Didier Barral é um experimentador incansável que defende com vigor variações altamente originais sobre biodinâmica e ideais de agricultura integrada e sustentabilidade vitícola, entre as mais evidentes das quais está o uso de gado Jersey e cavalos tanto como fonte de fertilizante quanto como equipa ocasional na gestão de vinhas com cobertura vegetal, que ele orgulhosamente descreve como “parecidas com as Pampas”. (Exceto que alguns desses locais arejados, com bordas de floresta, são bastante íngremes para sustentar essa analogia!). Barral dedica-se minuciosamente a preservar a diversidade de plantas e insetos nos seus solos, bem como a aperfeiçoar a condução tradicional em taça (poda em cabeça, braços abertos) de todas as suas vinhas, e o seu idealismo estende-se a manter um terço das suas terras de vinha em pousio numa rotação de dez anos.

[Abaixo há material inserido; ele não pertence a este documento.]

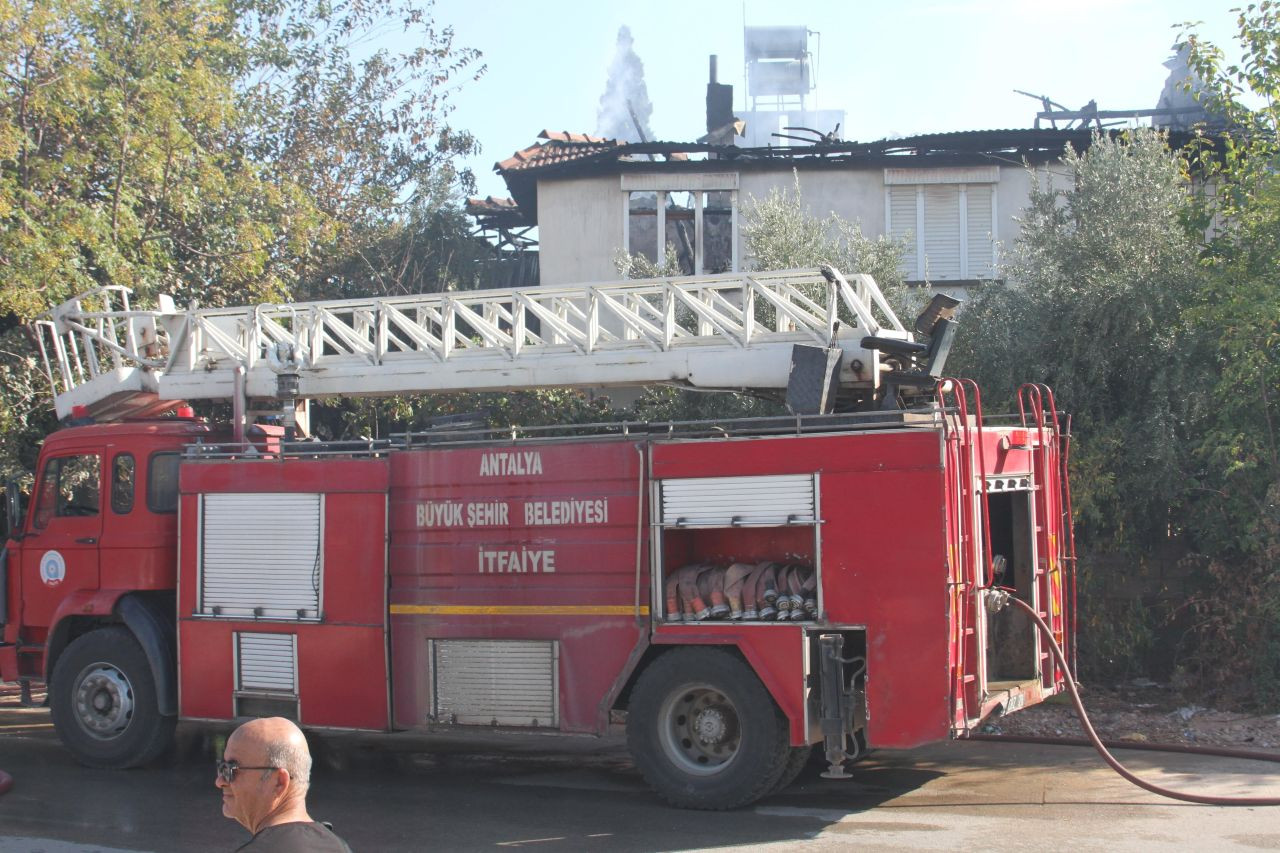 Antalya’da Müstakil Evde Çıkan Yangın Üst Katı Kül Etti! - Sayfa 7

Barral cultiva Syrah nos seus locais mais altos e voltados a nordeste “para preservar a frescura e porque a Syrah é como o Chardonnay — não gosta de sol”, enquanto as exposições a sul permitem que o Mourvèdre amadureça já no final de setembro. Com uma exceção, mesmo as matérias-primas de 2006 de Barral — consistentemente impressionantes e quase confeiteiras em maturação — ainda não estavam assembladas quando o visitei em dezembro passado, pelo que é impossível fazer notas de prova sobre aproximações aos vinhos finais. Algumas das suas partidas de 2007 nem sequer tinham terminado a fermentação alcoólica nessa altura, e ainda assim eram capazes de exibir profundidades quase oceânicas de mineralidade e mais espíritos animalescos do que o rebanho de cascos que vagava pelas fileiras de vinhas da propriedade. Potenciais clientes fariam bem em fazer planos — ou súplicas às divindades da alocação — desde já, na esperança de obter uma pequena parte dos vinhos incríveis de Barral. Aqui, “maturação”, aliás, abrange não apenas intensa doçura de fruta, mas também teores alcoólicos de 15% ou mais.